A Victory for Privacy
St.
Petersburg Times, February 27, 2005
By Robyn E. Blumner, Times Perspective Columnist
Antonin Scalia warned this would happen. The U.S. Supreme
Court justice said that by striking down a Texas law prohibiting homosexual
sodomy, the high court would unleash moral Armageddon, leading to the setting
aside of laws barring fornication, adultery and obscenity, among others.
Well, he was right on one count.
In a stunningly clear-eyed decision in January, a federal
district court judge in Pittsburgh set aside three federal antiobscenity laws,
basing a good deal of his rationale on Lawrence vs.
Texas, the Texas homosexual sodomy case decided in 2003, just as
Scalia had feared.
The congratulations for this wise and liberty-expanding
ruling go to Judge Gary Lancaster, who now has done as much to expand the
sphere of privacy and personal autonomy protected by the Constitution as any
judge since Justice William O. Douglas declared in 1965 that Connecticut
couldn’t imprison married couples for using contraceptives.

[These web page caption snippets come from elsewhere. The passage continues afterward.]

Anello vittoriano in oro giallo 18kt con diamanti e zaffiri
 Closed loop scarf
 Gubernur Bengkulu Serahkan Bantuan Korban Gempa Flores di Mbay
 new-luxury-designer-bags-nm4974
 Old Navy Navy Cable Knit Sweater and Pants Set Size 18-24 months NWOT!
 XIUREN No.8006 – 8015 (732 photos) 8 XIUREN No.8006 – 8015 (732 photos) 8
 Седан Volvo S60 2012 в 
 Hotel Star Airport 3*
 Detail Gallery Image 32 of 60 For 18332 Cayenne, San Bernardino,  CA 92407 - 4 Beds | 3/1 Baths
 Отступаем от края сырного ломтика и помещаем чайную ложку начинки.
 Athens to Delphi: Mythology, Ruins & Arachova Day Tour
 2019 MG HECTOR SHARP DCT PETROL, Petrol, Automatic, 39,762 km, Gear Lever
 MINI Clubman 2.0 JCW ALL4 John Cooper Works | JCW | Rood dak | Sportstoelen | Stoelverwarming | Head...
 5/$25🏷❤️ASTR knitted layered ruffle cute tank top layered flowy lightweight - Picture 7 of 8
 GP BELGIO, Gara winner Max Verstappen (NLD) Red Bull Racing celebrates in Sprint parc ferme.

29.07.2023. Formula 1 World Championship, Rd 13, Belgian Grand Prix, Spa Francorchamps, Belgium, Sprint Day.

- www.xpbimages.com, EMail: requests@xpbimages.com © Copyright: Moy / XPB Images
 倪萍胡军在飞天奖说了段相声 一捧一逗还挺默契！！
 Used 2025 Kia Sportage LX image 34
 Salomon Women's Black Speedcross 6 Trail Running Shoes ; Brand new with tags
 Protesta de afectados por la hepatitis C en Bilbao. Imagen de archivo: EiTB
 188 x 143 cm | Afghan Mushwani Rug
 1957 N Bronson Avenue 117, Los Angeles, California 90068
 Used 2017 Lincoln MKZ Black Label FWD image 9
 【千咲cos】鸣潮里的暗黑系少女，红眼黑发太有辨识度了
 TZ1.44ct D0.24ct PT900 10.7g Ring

This case involves the work of a husband-and-wife team of
California pornographers. Their company, Extreme Associates, is known for its
hard-core fare. A postal inspector, working undercover, ordered some movies
and accessed some video clips through the couple’s members-only Web site,
resulting in a 10-count indictment. Each offense carries up to five years in
prison and a fine.
The Justice Department really has nothing better to do
than put people in jail for providing explicit movies to adults who want to
see them? Last time I checked, there were real crimes being committed against
real victims, but the department in the Bush administration has made reviving
its obscenity prosecutions a priority. Since 2001, there have been 38
obscenity-related convictions, following a 10-year lull during which virtually
no adult pornograhy cases were brought.
Normally, those charged with distributing obscene
material use a free speech defense, claiming the material does not meet the
legal definition of obscenity. But Extreme Associates advertises its videos as
pushing the limits of the law, boasting on its Web site, “See why the U.S.
government is after us!”
The Texas sodomy decision offered another option.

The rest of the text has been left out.